How we chose our sauces
Sugar was our key consideration among unhealthy ingredients that make bottled barbecue sauce a troubling condiment. While most barbecue sauces consider two tablespoons a serving size, the idea that barbecue diners are able to limit the amount of sauce consumed when it's mixed into a recipe makes it almost impossible to predict how much is actually being eaten. So getting an average of 12 grams of sugar in a serving multiplied by two or more means you could easily eat a day's worth of the recommended amount of sugar in a single pulled pork sandwich.

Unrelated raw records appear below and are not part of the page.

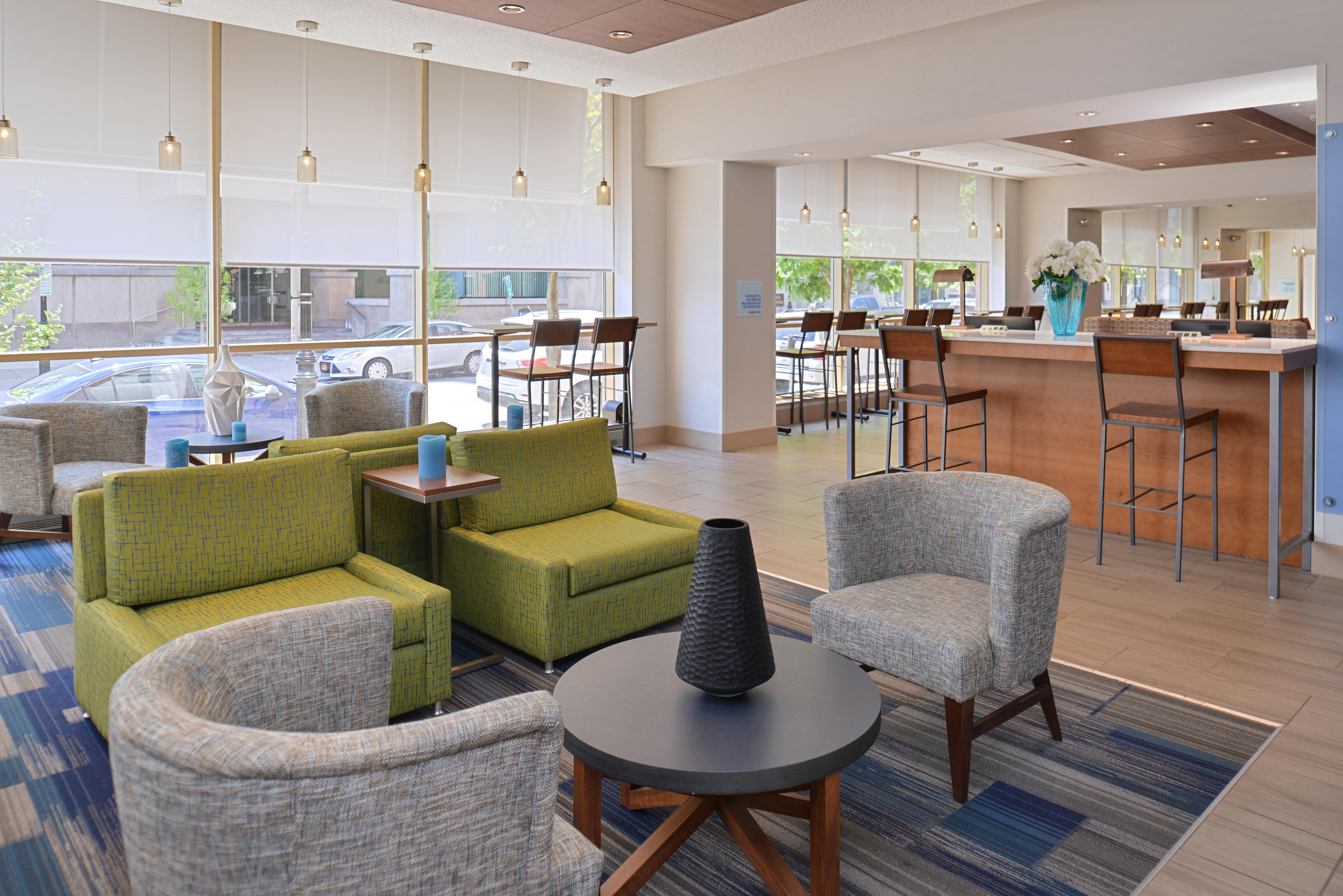 Holiday Inn Express & Suites Buffalo Downtown By Ihg Exterior photo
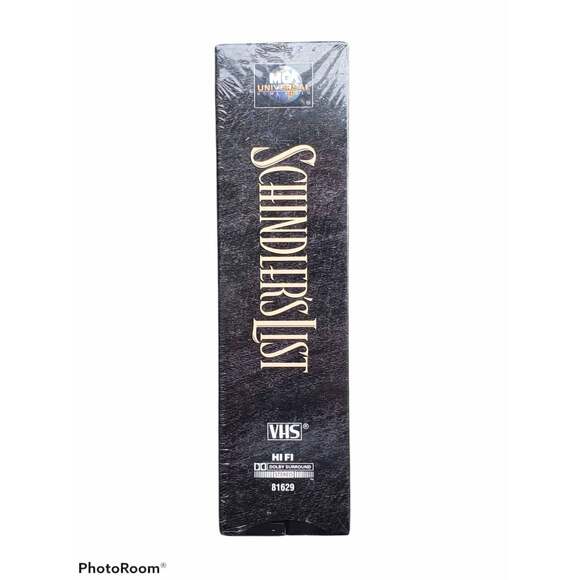 Steven Spielberg Schindler's List Universal Studios Award Winning Movie -  VHS - Picture 2 of 4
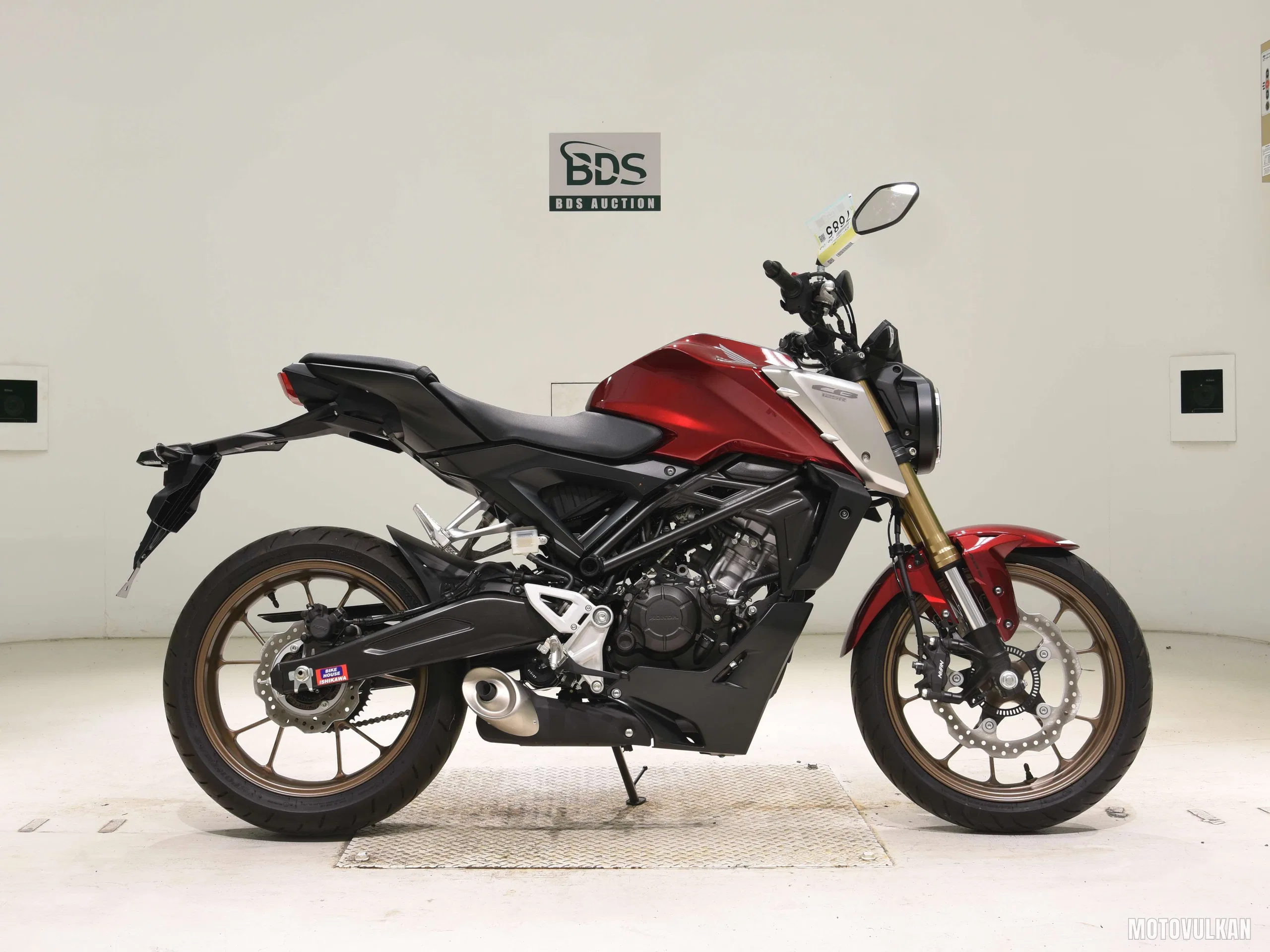 Honda CB125R-2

We were also on the lookout for strange additives like preservatives and thickeners that can make trouble for your cookout. While most of the selections we saw steered clear of ingredients like guar gum and carrageenan, we did find at least one culprit with artificial dyes present in the formula as well as one with sulfites, a preservative used in cured meats that's on the processed foods' "best to avoid" list. This seems an odd strategy, considering everything in the bottle defaults to reddish-brown for all the other brands without dyes of any kind. Regardless of the reasoning, it's another factor that adds to the unhealthiness of some store-bought barbecue sauce brands, and one that can be worked around easily with a glance at the label.